Parade tells the true story of the framing a New York Jewish man for murder in Georgia in the early 20th century. The governor makes it clear he needs a conviction and the prosecutor delivers one by dubious means including the coaching of young witnesses. Just when it appears the governor’s review of the case will lead to a reprieve, a hasty hanging is arranged.

On this occasion, I found the music heightened the intensity and emotion of the story and Sutherland’s production grips throughout. Though it’s a tiny space with a traverse staging, it somehow feels epic. It flows seamlessly from scene to scene by having the set at either end of the space and just a handful of props to bring on and off. Wherever you sit, you’re never far away, so you always engage with the characters and the story. John Risebero’s set and costumes are excellent and there’s particularly effective lighting from Howard Hudson.
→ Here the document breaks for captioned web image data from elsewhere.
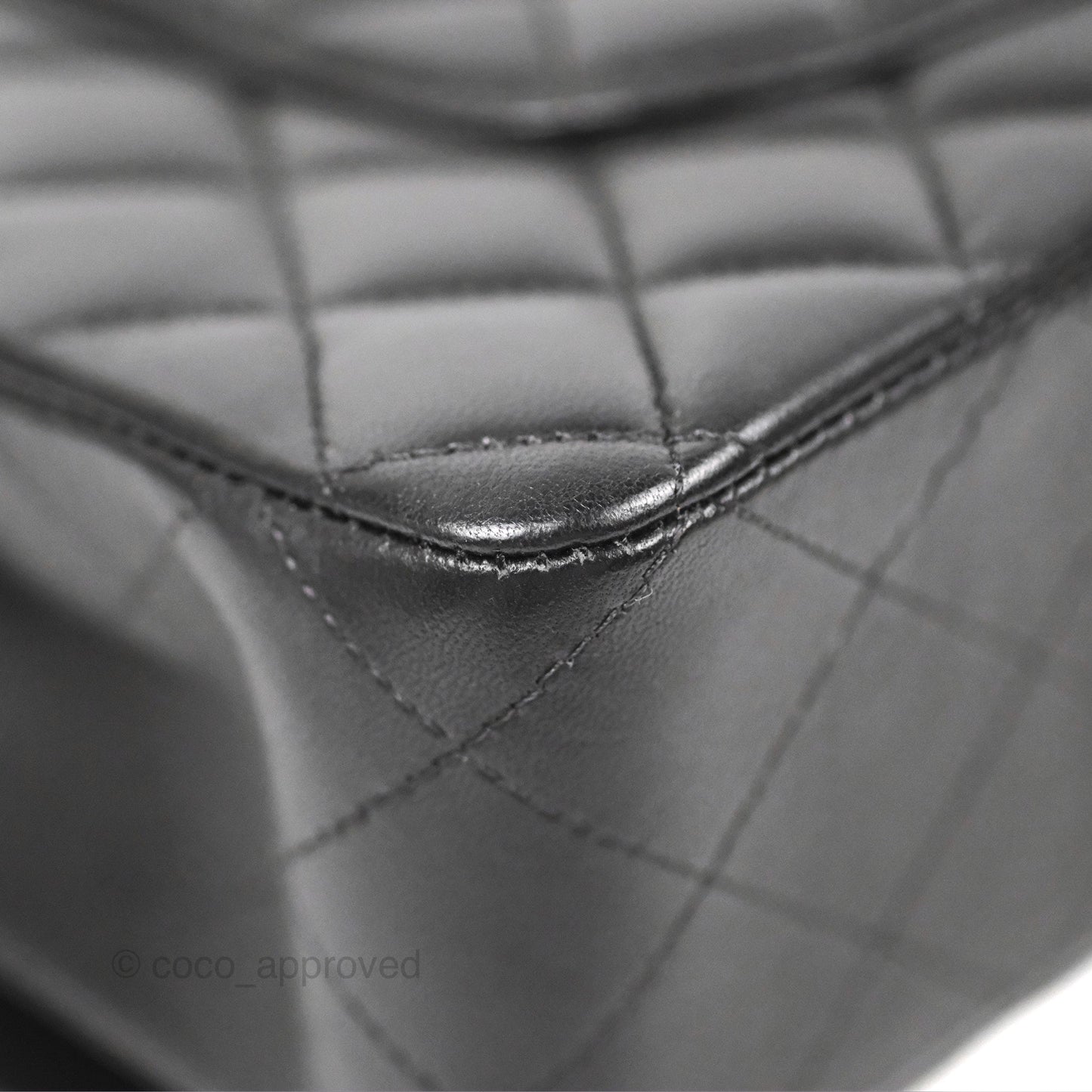 Chanel Classic M/L Medium Flap Quilted Black Lambskin Gold Hardware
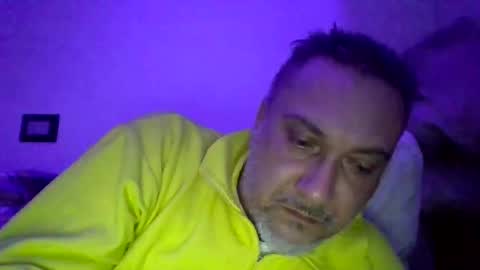 Snapshot of olimpio1230 chatting on 01.31.25 olimpio1230 online show from 01.31.25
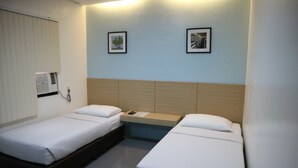 Standard Twin Room | In-room safe, iron/ironing board (on request), rollaway beds, free WiFi - RedDoorz near Trade School Gensan Alchan Suites (General Santos)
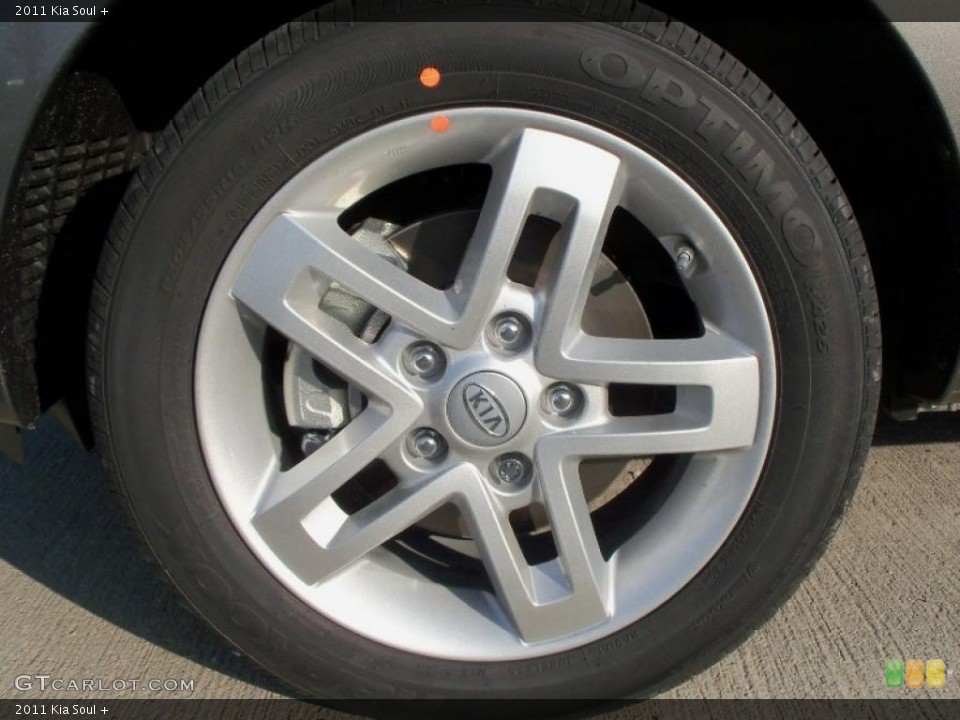 2011 Kia Soul + Wheel and Tire Photo #40308368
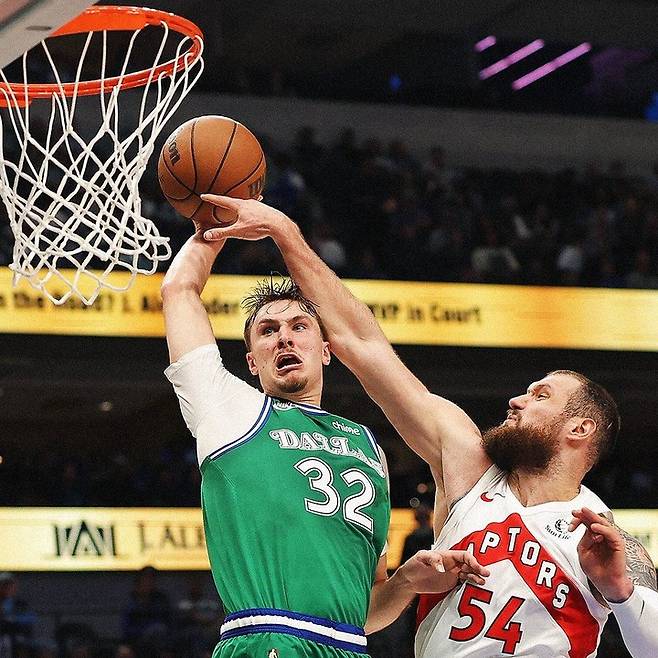 쿠퍼 플래그(왼쪽)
Yet again, Danielle Tarento’s casting is outstanding. Alastair Brookshaw and Laura Pitt-Pulford give hugely committed performances in the central roles of Leo & Lucille Frank; Laura’s singing is exceptional. Mark Inscoe has great presence as prosecutor and would-be governor Hugh Dorsey. It’s a tribute to David Haydn that it wasn’t until the end that I realised he’d played three roles including the pivotal ones as governor and newspaperman. Terry Doe follows two fine musical performances at the Finborough, with three fine performances in one evening here. There is also an auspicious London debut from Samuel J Weir, a 2011 graduate. The 7-piece band under Michael Bradley play the score brilliantly.

It’s not without its faults. Though mostly effective, the traverse staging was occasionally irritating, the over-amplification took away some subtlety from the solo vocals and at 2 hours 40 mins it was a little too long. That said, this production turned around my view of the show, won me over and deserved its spontaneous standing ovation.